La protesta de Alerta Roja en Zaragoza: “Llevamos 6 meses en silencio, no tenemos nada que celebrar”

400 técnicos y trabajadores del gremio de los espectáculos de Aragón han tomado la calle este jueves en una marcha silenciosa para visibilizar la difícil situación que atraviesa el sector desde el inicio de la pandemia.

Protesta de trabajadores del sector del espectáculo en Zaragoza

Cuando el reloj marcaba las 20.00, desde el aparcamiento de Macanaz de Zaragoza, de forma ordenada y tranquila arrancaba la original movilización silenciosa promovida por los trabajadores del sector de los espectáculos de Aragón. “Llevamos seis meses en silencio, no tenemos nada que celebrar”, apuntaba un miembro de la organización instantes antes de dar comienzo a la marcha.

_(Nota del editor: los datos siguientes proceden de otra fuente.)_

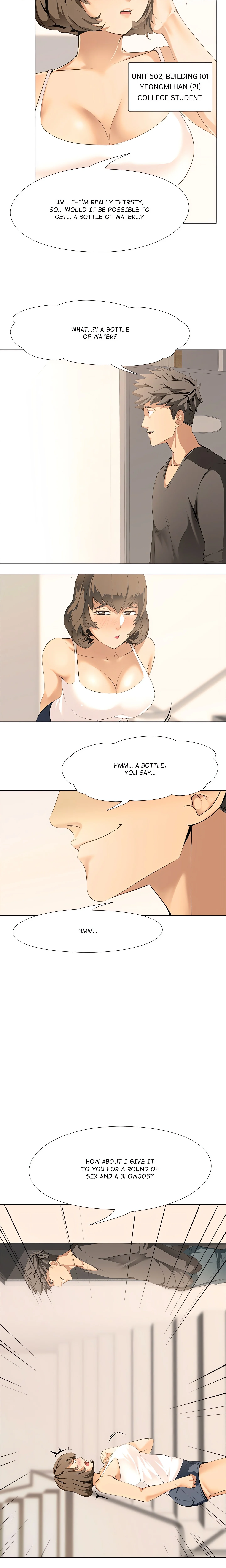 Quarantine Tower chapter 1 page 3
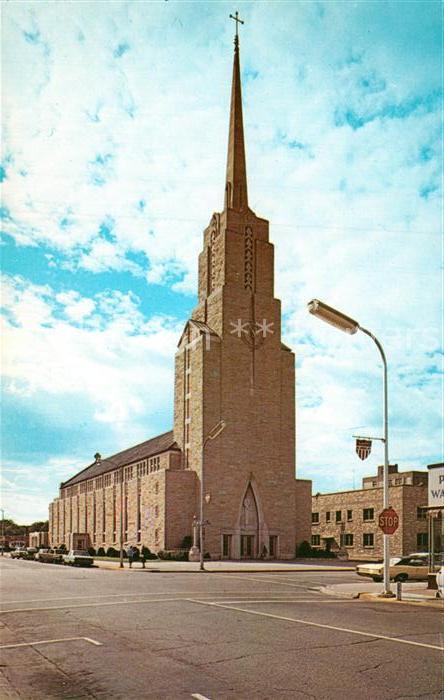 La Crosse Wisconsin Cathedral St. Joseph The Workman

Se trata de la iniciativa internacional bautizada como ‘Alerta Roja’ y que se ha llevado a cabo en 28 ciudades españolas de manera simultánea. Sus protagonistas, en torno a 400 técnicos y trabajadores del sector de los espectáculos llegados de distintos rincones de Aragón -entre ellos chóferes, técnicos de carga y descarga, de sonido o iluminación y un largo etcétera-, han sido los encargados de portar un total de 280 flightcase -un contenedor de transporte especial con ruedas habitual en eventos de todo tipo- hasta la plaza del Pilar a modo de protesta.

“Nuestro objetivo es dar visibilidad a la alarmante situación que vive el sector del espectáculo y los eventos en España y en el mundo entero”, explica Carlos Marín (55), técnico de backline y de escenario -encargado del montaje y el mantenimiento de los instrumentos de cualquier concierto-, así como uno de los portavoces de la movilización en Aragón. Con más de 25 años dedicado al mundo de los escenarios, el zaragozano asegura que este sector “siempre ha estado en crisis”, pero que la pandemia ha puesto en evidencia una serie de carencias que llevaban años arrastrando. “En Aragón somos más de 700 personas las que nos dedicamos directamente a este gremio. Hay miedo ante el posible cierre de muchas empresas y de que muchos compañeros pierdan su trabajo”, admite.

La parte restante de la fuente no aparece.